**Task description**: The answer must be an exact copy of all the data below.

[Raw data Boundary: Start]

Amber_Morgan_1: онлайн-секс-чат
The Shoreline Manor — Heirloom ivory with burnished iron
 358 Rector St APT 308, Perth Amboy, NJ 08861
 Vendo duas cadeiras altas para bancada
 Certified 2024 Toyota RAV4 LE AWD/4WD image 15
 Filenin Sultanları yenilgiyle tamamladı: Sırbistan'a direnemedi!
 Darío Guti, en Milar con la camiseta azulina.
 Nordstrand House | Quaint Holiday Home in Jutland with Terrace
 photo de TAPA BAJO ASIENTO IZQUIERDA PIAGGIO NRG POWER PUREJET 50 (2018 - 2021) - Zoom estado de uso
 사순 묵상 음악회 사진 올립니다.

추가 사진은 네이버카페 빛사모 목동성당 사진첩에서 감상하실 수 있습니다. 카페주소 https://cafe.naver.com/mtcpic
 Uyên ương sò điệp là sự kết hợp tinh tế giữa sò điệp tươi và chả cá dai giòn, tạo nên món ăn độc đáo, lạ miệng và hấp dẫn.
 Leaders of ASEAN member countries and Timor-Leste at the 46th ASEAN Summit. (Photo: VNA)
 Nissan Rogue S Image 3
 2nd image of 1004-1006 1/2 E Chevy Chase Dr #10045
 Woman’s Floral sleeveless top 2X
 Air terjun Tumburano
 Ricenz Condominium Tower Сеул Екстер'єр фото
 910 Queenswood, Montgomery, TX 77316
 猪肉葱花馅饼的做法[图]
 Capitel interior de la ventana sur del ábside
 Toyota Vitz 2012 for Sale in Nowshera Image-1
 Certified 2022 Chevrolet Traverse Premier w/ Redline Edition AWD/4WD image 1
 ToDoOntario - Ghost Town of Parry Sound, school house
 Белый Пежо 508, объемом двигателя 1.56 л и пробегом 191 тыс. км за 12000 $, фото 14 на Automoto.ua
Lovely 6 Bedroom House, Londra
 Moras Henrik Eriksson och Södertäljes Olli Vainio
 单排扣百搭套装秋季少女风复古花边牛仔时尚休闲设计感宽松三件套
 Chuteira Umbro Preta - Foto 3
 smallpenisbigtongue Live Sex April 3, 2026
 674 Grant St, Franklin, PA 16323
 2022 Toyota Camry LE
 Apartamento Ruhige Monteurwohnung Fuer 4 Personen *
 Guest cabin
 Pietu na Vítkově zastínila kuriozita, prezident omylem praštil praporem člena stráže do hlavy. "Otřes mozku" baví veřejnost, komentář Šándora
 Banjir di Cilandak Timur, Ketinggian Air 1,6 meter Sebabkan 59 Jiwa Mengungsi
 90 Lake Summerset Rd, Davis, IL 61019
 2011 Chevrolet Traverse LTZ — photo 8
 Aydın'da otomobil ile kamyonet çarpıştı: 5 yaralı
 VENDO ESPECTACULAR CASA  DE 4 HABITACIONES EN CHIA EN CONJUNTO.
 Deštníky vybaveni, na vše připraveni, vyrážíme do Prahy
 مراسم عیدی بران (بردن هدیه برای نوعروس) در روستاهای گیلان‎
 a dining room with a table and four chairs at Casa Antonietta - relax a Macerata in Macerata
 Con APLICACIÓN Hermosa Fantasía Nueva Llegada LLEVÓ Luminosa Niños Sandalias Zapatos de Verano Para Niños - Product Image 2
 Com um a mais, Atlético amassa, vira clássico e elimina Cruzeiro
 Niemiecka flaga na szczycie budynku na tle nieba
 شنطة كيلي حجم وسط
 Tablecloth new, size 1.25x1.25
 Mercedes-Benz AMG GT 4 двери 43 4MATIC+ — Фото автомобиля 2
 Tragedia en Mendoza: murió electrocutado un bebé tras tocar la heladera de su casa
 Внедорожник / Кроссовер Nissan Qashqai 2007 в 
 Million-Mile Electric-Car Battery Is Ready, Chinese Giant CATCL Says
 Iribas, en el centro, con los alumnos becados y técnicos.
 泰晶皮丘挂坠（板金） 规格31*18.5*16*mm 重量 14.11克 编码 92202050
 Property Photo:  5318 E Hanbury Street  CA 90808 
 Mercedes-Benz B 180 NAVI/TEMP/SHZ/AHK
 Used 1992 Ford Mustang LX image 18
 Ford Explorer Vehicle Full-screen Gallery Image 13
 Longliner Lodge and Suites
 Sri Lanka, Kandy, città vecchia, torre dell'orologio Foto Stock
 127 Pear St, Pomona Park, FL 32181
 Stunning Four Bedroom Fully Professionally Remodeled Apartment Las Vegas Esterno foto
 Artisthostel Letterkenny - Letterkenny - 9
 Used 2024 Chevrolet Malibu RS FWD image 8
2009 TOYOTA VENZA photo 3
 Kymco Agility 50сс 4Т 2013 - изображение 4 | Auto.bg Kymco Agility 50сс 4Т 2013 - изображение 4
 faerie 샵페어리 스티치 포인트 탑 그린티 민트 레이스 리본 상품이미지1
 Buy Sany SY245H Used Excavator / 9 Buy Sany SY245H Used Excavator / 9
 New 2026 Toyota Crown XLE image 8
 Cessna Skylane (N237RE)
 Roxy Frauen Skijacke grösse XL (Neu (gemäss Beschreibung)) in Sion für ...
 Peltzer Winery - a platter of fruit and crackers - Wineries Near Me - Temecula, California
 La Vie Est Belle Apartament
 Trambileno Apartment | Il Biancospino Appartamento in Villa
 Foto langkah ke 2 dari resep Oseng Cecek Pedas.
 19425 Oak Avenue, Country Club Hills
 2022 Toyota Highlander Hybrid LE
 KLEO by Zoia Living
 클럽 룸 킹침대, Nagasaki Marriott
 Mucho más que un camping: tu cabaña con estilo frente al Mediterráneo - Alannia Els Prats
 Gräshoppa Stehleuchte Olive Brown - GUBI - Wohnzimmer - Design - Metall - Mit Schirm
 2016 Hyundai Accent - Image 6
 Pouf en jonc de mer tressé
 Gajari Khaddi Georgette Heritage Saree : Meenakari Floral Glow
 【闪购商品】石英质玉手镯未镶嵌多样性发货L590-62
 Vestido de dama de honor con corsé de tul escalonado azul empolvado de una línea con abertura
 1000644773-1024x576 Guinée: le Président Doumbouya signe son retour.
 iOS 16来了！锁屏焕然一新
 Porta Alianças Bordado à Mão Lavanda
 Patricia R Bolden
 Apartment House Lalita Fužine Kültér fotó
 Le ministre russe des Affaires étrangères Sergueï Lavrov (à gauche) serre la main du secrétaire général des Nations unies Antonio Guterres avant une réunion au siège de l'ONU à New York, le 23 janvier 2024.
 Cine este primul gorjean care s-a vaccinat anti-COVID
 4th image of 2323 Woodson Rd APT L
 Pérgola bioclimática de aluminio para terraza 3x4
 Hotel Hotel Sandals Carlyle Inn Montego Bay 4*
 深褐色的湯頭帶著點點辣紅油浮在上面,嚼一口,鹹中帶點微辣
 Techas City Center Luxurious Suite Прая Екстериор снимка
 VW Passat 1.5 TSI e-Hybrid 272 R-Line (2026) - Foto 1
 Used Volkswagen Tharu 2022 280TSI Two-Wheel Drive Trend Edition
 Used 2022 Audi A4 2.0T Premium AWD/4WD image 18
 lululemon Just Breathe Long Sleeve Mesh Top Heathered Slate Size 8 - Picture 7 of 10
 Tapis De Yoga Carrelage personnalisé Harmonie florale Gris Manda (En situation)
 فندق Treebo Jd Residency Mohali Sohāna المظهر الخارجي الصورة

[Raw data Boundary: End]

**Answer below**:
Amber_Morgan_1: онлайн-секс-чат
The Shoreline Manor — Heirloom ivory with burnished iron
 358 Rector St APT 308, Perth Amboy, NJ 08861
 Vendo duas cadeiras altas para bancada
 Certified 2024 Toyota RAV4 LE AWD/4WD image 15
 Filenin Sultanları yenilgiyle tamamladı: Sırbistan'a direnemedi!
 Darío Guti, en Milar con la camiseta azulina.
 Nordstrand House | Quaint Holiday Home in Jutland with Terrace
 photo de TAPA BAJO ASIENTO IZQUIERDA PIAGGIO NRG POWER PUREJET 50 (2018 - 2021) - Zoom estado de uso
 사순 묵상 음악회 사진 올립니다.

추가 사진은 네이버카페 빛사모 목동성당 사진첩에서 감상하실 수 있습니다. 카페주소 https://cafe.naver.com/mtcpic
 Uyên ương sò điệp là sự kết hợp tinh tế giữa sò điệp tươi và chả cá dai giòn, tạo nên món ăn độc đáo, lạ miệng và hấp dẫn.
 Leaders of ASEAN member countries and Timor-Leste at the 46th ASEAN Summit. (Photo: VNA)
 Nissan Rogue S Image 3
 2nd image of 1004-1006 1/2 E Chevy Chase Dr #10045
 Woman’s Floral sleeveless top 2X
 Air terjun Tumburano
 Ricenz Condominium Tower Сеул Екстер'єр фото
 910 Queenswood, Montgomery, TX 77316
 猪肉葱花馅饼的做法[图]
 Capitel interior de la ventana sur del ábside
 Toyota Vitz 2012 for Sale in Nowshera Image-1
 Certified 2022 Chevrolet Traverse Premier w/ Redline Edition AWD/4WD image 1
 ToDoOntario - Ghost Town of Parry Sound, school house
 Белый Пежо 508, объемом двигателя 1.56 л и пробегом 191 тыс. км за 12000 $, фото 14 на Automoto.ua
Lovely 6 Bedroom House, Londra
 Moras Henrik Eriksson och Södertäljes Olli Vainio
 单排扣百搭套装秋季少女风复古花边牛仔时尚休闲设计感宽松三件套
 Chuteira Umbro Preta - Foto 3
 smallpenisbigtongue Live Sex April 3, 2026
 674 Grant St, Franklin, PA 16323
 2022 Toyota Camry LE
 Apartamento Ruhige Monteurwohnung Fuer 4 Personen *
 Guest cabin
 Pietu na Vítkově zastínila kuriozita, prezident omylem praštil praporem člena stráže do hlavy. "Otřes mozku" baví veřejnost, komentář Šándora
 Banjir di Cilandak Timur, Ketinggian Air 1,6 meter Sebabkan 59 Jiwa Mengungsi
 90 Lake Summerset Rd, Davis, IL 61019
 2011 Chevrolet Traverse LTZ — photo 8
 Aydın'da otomobil ile kamyonet çarpıştı: 5 yaralı
 VENDO ESPECTACULAR CASA  DE 4 HABITACIONES EN CHIA EN CONJUNTO.
 Deštníky vybaveni, na vše připraveni, vyrážíme do Prahy
 مراسم عیدی بران (بردن هدیه برای نوعروس) در روستاهای گیلان‎
 a dining room with a table and four chairs at Casa Antonietta - relax a Macerata in Macerata
 Con APLICACIÓN Hermosa Fantasía Nueva Llegada LLEVÓ Luminosa Niños Sandalias Zapatos de Verano Para Niños - Product Image 2
 Com um a mais, Atlético amassa, vira clássico e elimina Cruzeiro
 Niemiecka flaga na szczycie budynku na tle nieba
 شنطة كيلي حجم وسط
 Tablecloth new, size 1.25x1.25
 Mercedes-Benz AMG GT 4 двери 43 4MATIC+ — Фото автомобиля 2
 Tragedia en Mendoza: murió electrocutado un bebé tras tocar la heladera de su casa
 Внедорожник / Кроссовер Nissan Qashqai 2007 в 
 Million-Mile Electric-Car Battery Is Ready, Chinese Giant CATCL Says
 Iribas, en el centro, con los alumnos becados y técnicos.
 泰晶皮丘挂坠（板金） 规格31*18.5*16*mm 重量 14.11克 编码 92202050
 Property Photo:  5318 E Hanbury Street  CA 90808 
 Mercedes-Benz B 180 NAVI/TEMP/SHZ/AHK
 Used 1992 Ford Mustang LX image 18
 Ford Explorer Vehicle Full-screen Gallery Image 13
 Longliner Lodge and Suites
 Sri Lanka, Kandy, città vecchia, torre dell'orologio Foto Stock
 127 Pear St, Pomona Park, FL 32181
 Stunning Four Bedroom Fully Professionally Remodeled Apartment Las Vegas Esterno foto
 Artisthostel Letterkenny - Letterkenny - 9
 Used 2024 Chevrolet Malibu RS FWD image 8
2009 TOYOTA VENZA photo 3
 Kymco Agility 50сс 4Т 2013 - изображение 4 | Auto.bg Kymco Agility 50сс 4Т 2013 - изображение 4
 faerie 샵페어리 스티치 포인트 탑 그린티 민트 레이스 리본 상품이미지1
 Buy Sany SY245H Used Excavator / 9 Buy Sany SY245H Used Excavator / 9
 New 2026 Toyota Crown XLE image 8
 Cessna Skylane (N237RE)
 Roxy Frauen Skijacke grösse XL (Neu (gemäss Beschreibung)) in Sion für ...
 Peltzer Winery - a platter of fruit and crackers - Wineries Near Me - Temecula, California
 La Vie Est Belle Apartament
 Trambileno Apartment | Il Biancospino Appartamento in Villa
 Foto langkah ke 2 dari resep Oseng Cecek Pedas.
 19425 Oak Avenue, Country Club Hills
 2022 Toyota Highlander Hybrid LE
 KLEO by Zoia Living
 클럽 룸 킹침대, Nagasaki Marriott
 Mucho más que un camping: tu cabaña con estilo frente al Mediterráneo - Alannia Els Prats
 Gräshoppa Stehleuchte Olive Brown - GUBI - Wohnzimmer - Design - Metall - Mit Schirm
 2016 Hyundai Accent - Image 6
 Pouf en jonc de mer tressé
 Gajari Khaddi Georgette Heritage Saree : Meenakari Floral Glow
 【闪购商品】石英质玉手镯未镶嵌多样性发货L590-62
 Vestido de dama de honor con corsé de tul escalonado azul empolvado de una línea con abertura
 1000644773-1024x576 Guinée: le Président Doumbouya signe son retour.
 iOS 16来了！锁屏焕然一新
 Porta Alianças Bordado à Mão Lavanda
 Patricia R Bolden
 Apartment House Lalita Fužine Kültér fotó
 Le ministre russe des Affaires étrangères Sergueï Lavrov (à gauche) serre la main du secrétaire général des Nations unies Antonio Guterres avant une réunion au siège de l'ONU à New York, le 23 janvier 2024.
 Cine este primul gorjean care s-a vaccinat anti-COVID
 4th image of 2323 Woodson Rd APT L
 Pérgola bioclimática de aluminio para terraza 3x4
 Hotel Hotel Sandals Carlyle Inn Montego Bay 4*
 深褐色的湯頭帶著點點辣紅油浮在上面,嚼一口,鹹中帶點微辣
 Techas City Center Luxurious Suite Прая Екстериор снимка
 VW Passat 1.5 TSI e-Hybrid 272 R-Line (2026) - Foto 1
 Used Volkswagen Tharu 2022 280TSI Two-Wheel Drive Trend Edition
 Used 2022 Audi A4 2.0T Premium AWD/4WD image 18
 lululemon Just Breathe Long Sleeve Mesh Top Heathered Slate Size 8 - Picture 7 of 10
 Tapis De Yoga Carrelage personnalisé Harmonie florale Gris Manda (En situation)
 فندق Treebo Jd Residency Mohali Sohāna المظهر الخارجي الصورة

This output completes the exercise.